Laying me down on the ground, he takes off his jacket, laying it across the ground, then rolling me onto it, feeling completely useless and a bit embarrassed, as he does it. Wrapping his arms around me once again, our lips magnetically connecting, deepening the kiss.
He slowy starts to take off his shirt, showing me his pale white skin, glowing in the moon light. I look down at his arms, noticing long deep looking scars, going straight down his wrist. I gasp and move back, feeling what I had felt the day I had found him.
"Hey..hey, Frankie, look at me." I stare into his dark hazel eyes. He lays his hand on my cheek, smiling. Grabbing my hand he puts it to his head.
"I'm right here, Frank, I'm not going anywhere, I promise." I nodded, coming closer to him, letting him take off my hoodie, then my pj bottoms.
He laughed as he did, me soon  realizing how stupid I must've looked wearing Mikey mouse PJ bottoms.
"You're beautiful, Frank. I just..like these better, off." At that moment I felt a thousand times more flushed then I was before.

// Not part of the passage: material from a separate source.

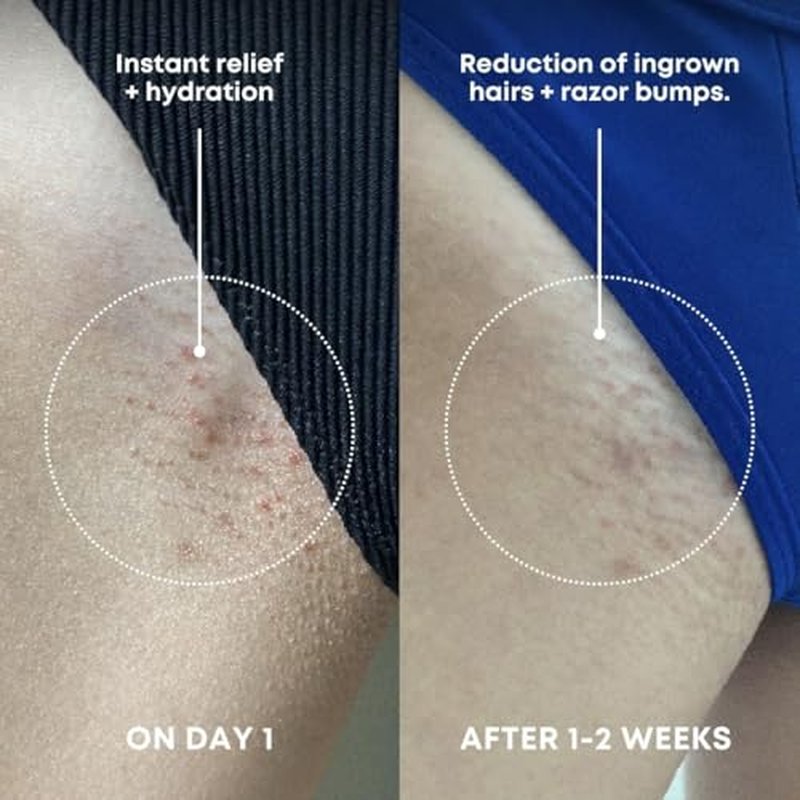 Bushbalm Ingrown Hair Exfoliating Scrub ? Pre-Shave Sugar Scrub for Ingrown Hairs, Razor Bumps & Dry Skin ? Gently Buffs & Soothes Sensitive Skin ? Nude, 236ml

You aren't the only one who can make someone blush, Gerard
"You're so stunning​ you know?" I graze my hand over his face.
He smirks pushing me on the ground, as he sits over top of me.
"Just shut the fuck up and let me fuck you already." Hearing that as it is almost my my insides explode, amused on how taking a late night walk can turn into something totally different.
Yet, I wasn't complaining.
I didn't say anything, as he pulled his pants off, leaving him in his boxers leaning on top of me.
"You like when im naked, don't you Frankie?"
I nodded, not knowing what else to say.
What? It was Gerard.
As I took my pants off, letting him need and kiss my neck and chest.
"Gerard.." I moan in his ear
"Frank"
At that moment, as we touched each other, being one.
Just me and him.
I believed that life..was going to be okay. That something, anything. Was going to be alright.
I could feel it. Through him and me.
I guess that's not how this story goes though, huh Gerard?